> [Work to be completed] Every record that follows is to be copied exactly, with the pictures omitted.

> [Record set]
□ □ □ □ □ □ □
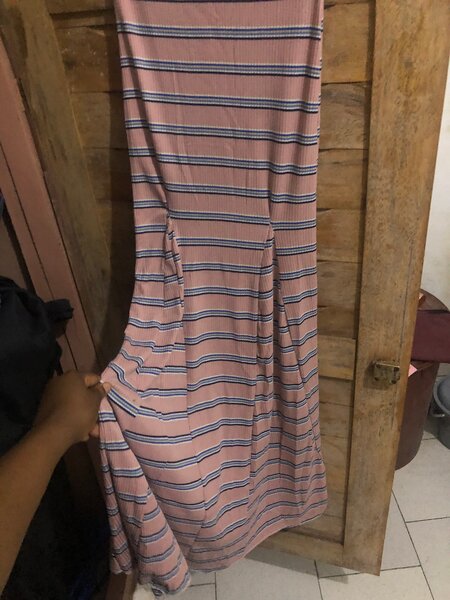 Robe longue rayée femme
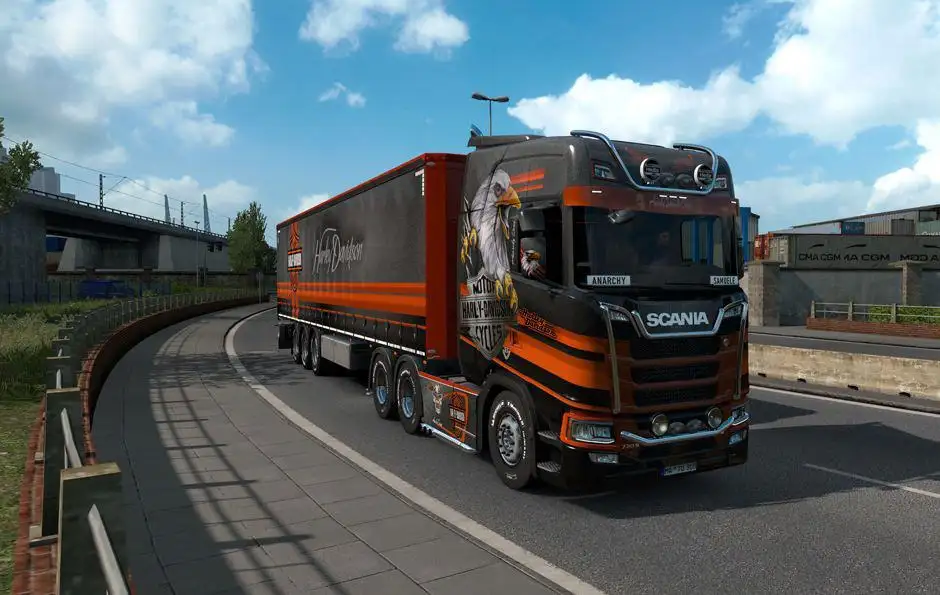 ETS2 - Harley Davidson Tribute Skin V1.0 (1.37.x)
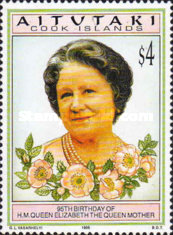 [The 95th Anniversary of the Birth of Queen Elizabeth, the Queen Mother, type RF]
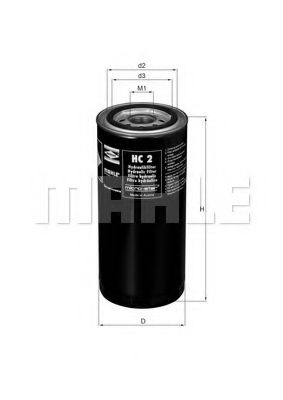 MAHLE ORIGINAL HC 2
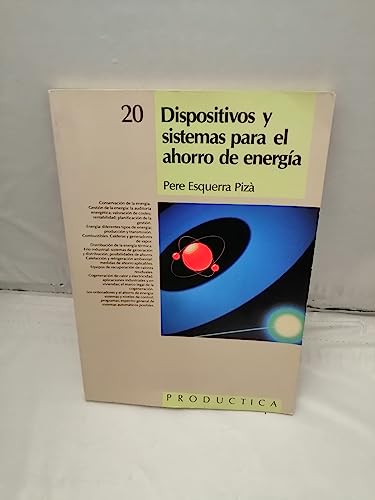 9788426707222: Dispositivos y Sistemas para Ahorro de Energa: 1 (PRODCTICA)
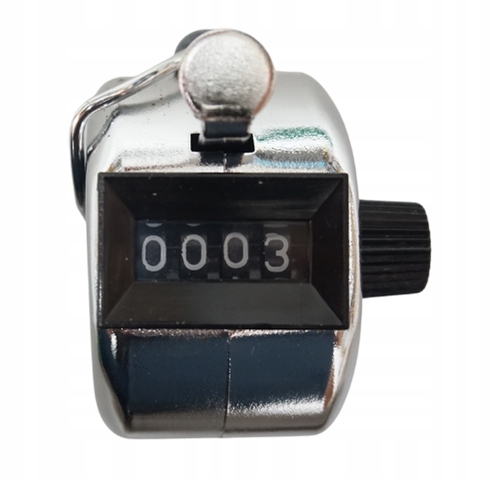 KLIKACZ KLIKER RĘCZNY LICZNIK MECHANICZNY PEDOMETR EAN (GTIN) 6955105336032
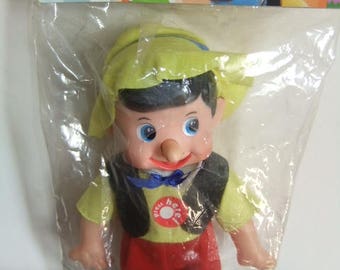 Vintage Pinocchio Doll with growing nose still in original shop wrapper possibly Pakkos Spain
□ □ □ □ □ □ □
> [Written response]
 Robe longue rayée femme
 ETS2 - Harley Davidson Tribute Skin V1.0 (1.37.x)
 [The 95th Anniversary of the Birth of Queen Elizabeth, the Queen Mother, type RF]
 MAHLE ORIGINAL HC 2
 9788426707222: Dispositivos y Sistemas para Ahorro de Energa: 1 (PRODCTICA)
 KLIKACZ KLIKER RĘCZNY LICZNIK MECHANICZNY PEDOMETR EAN (GTIN) 6955105336032
 Vintage Pinocchio Doll with growing nose still in original shop wrapper possibly Pakkos Spain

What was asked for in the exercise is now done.